> [Work to be completed]: Write out, word for word, only the data from its first line to the line containing "ilustraciones, imágenes clip".

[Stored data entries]
[Start of Attachment]
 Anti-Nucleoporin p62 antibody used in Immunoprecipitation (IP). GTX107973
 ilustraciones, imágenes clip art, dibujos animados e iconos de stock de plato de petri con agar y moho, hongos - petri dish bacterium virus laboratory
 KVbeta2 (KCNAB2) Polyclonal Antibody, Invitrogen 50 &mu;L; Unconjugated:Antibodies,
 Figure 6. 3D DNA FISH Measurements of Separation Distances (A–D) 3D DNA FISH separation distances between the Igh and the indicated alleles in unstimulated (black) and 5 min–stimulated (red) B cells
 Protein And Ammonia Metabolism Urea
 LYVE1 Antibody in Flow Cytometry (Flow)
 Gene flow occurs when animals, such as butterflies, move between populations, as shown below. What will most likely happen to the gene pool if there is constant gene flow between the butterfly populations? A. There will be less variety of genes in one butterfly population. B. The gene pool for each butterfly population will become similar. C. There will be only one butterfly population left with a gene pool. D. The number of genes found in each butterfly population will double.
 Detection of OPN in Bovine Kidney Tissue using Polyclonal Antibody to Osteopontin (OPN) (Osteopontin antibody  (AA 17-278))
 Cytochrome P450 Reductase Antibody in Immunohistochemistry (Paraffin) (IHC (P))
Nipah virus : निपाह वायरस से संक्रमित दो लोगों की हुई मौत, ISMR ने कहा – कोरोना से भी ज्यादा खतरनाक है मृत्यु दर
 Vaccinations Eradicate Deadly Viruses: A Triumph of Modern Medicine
[End of Attachment]
> [Exercise output]:
 Anti-Nucleoporin p62 antibody used in Immunoprecipitation (IP). GTX107973
 ilustraciones, imágenes clip art, dibujos animados e iconos de stock de plato de petri con agar y moho, hongos - petri dish bacterium virus laboratory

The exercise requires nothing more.